Having eliminated from our relationships the dead weight of pointless wanting, we can then focus on all the things we gain from the person we love, instead of all the ways we think they have failed us. In place of voids and holes, we can see strengths and supports. In place of resentment, we can feel appreciation.

By removing the power of hopeless expectations, we free ourselves to do what we can do for one another, to be what we can be for each other.

A crucial final element in this equation is what to do when one partner has a need that can’t be compromised and the other has a true inability to fulfill it. If love is to survive, it’s the obligation of both partners to make sure that need is being met outside of the relationship.

We should not expect our loved ones to suffer in hunger just because we do not have the particular food they need.

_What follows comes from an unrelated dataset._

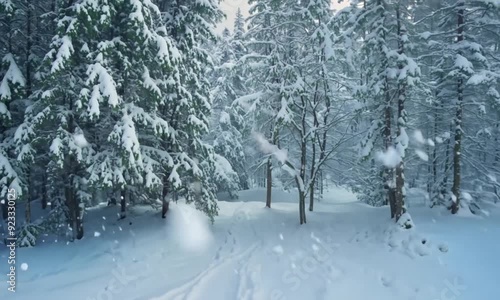 Wallpaper Mural beautiful 3d view of snowfall in forest Torontodigital.ca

If one partner burns to share the great outdoors while the other is an agoraphobe ...

If one must dance and the other hates crowds and music ...

If one needs passionate arguments of the mind but the other can’t stand intellectualizing ...

Then it is our duty not just to offer but to insist on giving our partner the freedom to exercise their wants, their needs, their dreams. If it can’t happen within the bounds of the relationship, we must encourage it beyond ... and we must be happy to see our partner enjoy that freedom when they take it, knowing that our insistence on their liberty is the best means we have of giving them joy.

Real love is not a binding that restricts. It is the devotion to bestowing delight. It is the desire to free one's beloved from want. And it is the appreciation of all that one's beloved is, including all of his or her needs, both those we can meet and even – or especially – those we cannot.

Thank you, goddess of love, for the opportunity to be what we can, and the generosity to let go where we must.